"I'm afraid I can't do that, and prove it afterwards."

"Then you ain't worth anything to me." Having so declared, Lady Linlithgow went on with her accounts and Lucy relapsed into her great poem.

"No, my dear," said the countess, when she had completed her work. "There isn't anything for you to do. I hope you haven't come here with that mistaken idea. There won't be any sort of work of any kind expected from you. I poke my own fires, and I carve my own bit of mutton. And I haven't got a nasty little dog to be washed. And I don't care twopence about worsted work. I have a maid to darn my stockings, and because she has to work, I pay her wages. I don't like being alone, so I get you to come and live with me. I breakfast at nine, and if you don't manage to be down by that time, I shall be cross."

"I'm always up long before that."

"There's lunch at two,—just bread and butter and cheese, and perhaps a bit of cold meat. There's dinner at seven;—and very bad it is, because they don't have any good meat in London. Down in Fifeshire the meat's a deal better than it is here, only I never go there now. At half-past ten I go to bed. It's a pity you're so young, because I don't know what you'll do about going out. Perhaps, as you ain't pretty, it won't signify."

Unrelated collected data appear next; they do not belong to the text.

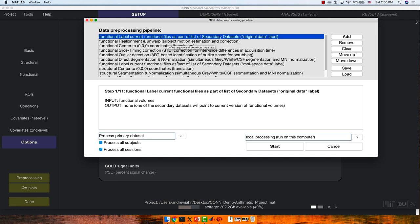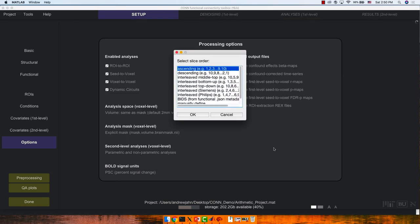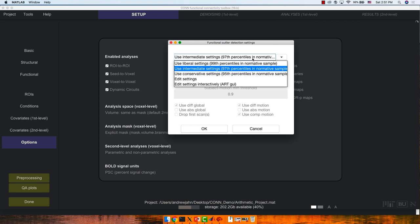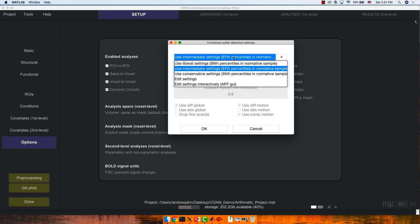The outlier detection settings are about flagging problem volumes that we want to scrub. The defaults say to create a distribution and remove a certain percentile of them. If you want to do this manually, go to Edit Settings — for example, if all the individual voxels have been z-scored relative to the global signal and there's an individual volume that's five z-scores above the mean, even if that subject didn't move, this could indicate a scanner spike. If it's a big problem, you might want to lower this threshold to four.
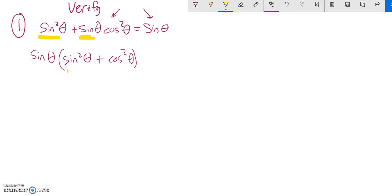I love it because look at that, there's a Pythagorean identity which is a one. So I have a sine theta times one which does equal sine theta. Done.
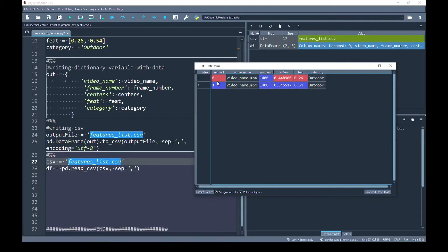I want to save the CSV such that it creates one row and saves the values center_0 and center_1 inside the same row. Similarly for the feet vector, it should save feet_0 and feet_1 inside the same row instead of creating multiple rows. How can we do that? Let's jump to the solution.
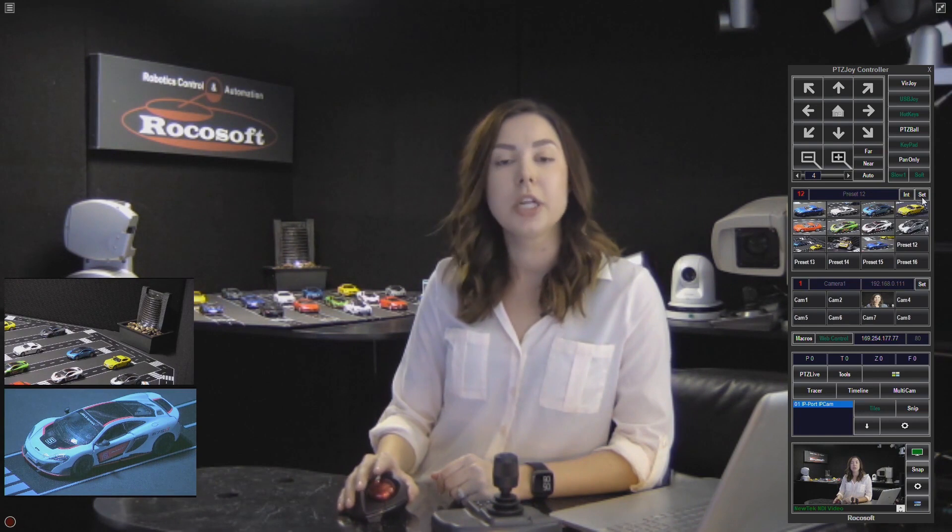Let me show you how to configure a preset. Let's do preset 12 — it's going to go to a general view. I'm going to zoom in to a view like this. It's already selected — you can see preset number 12 here — and you're just going to click Set. Now let's go back to preset 1 and then hit preset 12, and it's going to recall to the preset we just set.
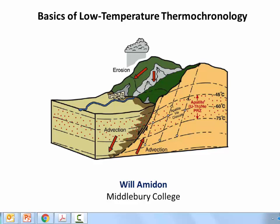Hi everybody. Welcome to my video on low temperature thermochronology. Low temperature thermochronology is a technique by which we can use geochemical measurements to determine how quickly rocks are coming up to the surface. This is a hugely powerful technique to explore the relationships between tectonic uplift, climate, and erosion. If you want a review of some of these relationships, please see our previous video on tectonic geomorphology.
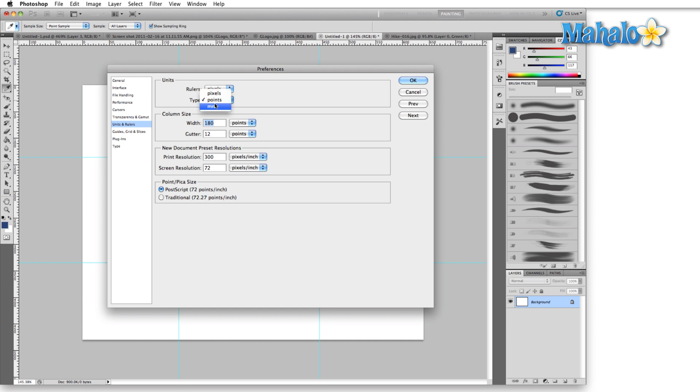I usually leave Type in points unless I'm working with pixel fonts that need a specific size, then I switch to pixels so that when I click 8, it's exactly 8 pixels high. Points are more for print work and pixels are usually for web work.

"Not at all, I should think," said Lucy.

"Perhaps you consider yourself pretty. It's all altered now since I was young. Girls make monsters of themselves, and I'm told the men like it;—going about with unclean, frowsy structures on their heads, enough to make a dog sick. They used to be clean and sweet and nice,—what one would like to kiss. How a man can like to kiss a face with a dirty horse's tail all whizzing about it, is what I can't at all understand. I don't think they do like it, but they have to do it."

"I haven't even a pony's tail," said Lucy.

"They do like to kiss you, I daresay."

"No, they don't," ejaculated Lucy, not knowing what answer to make.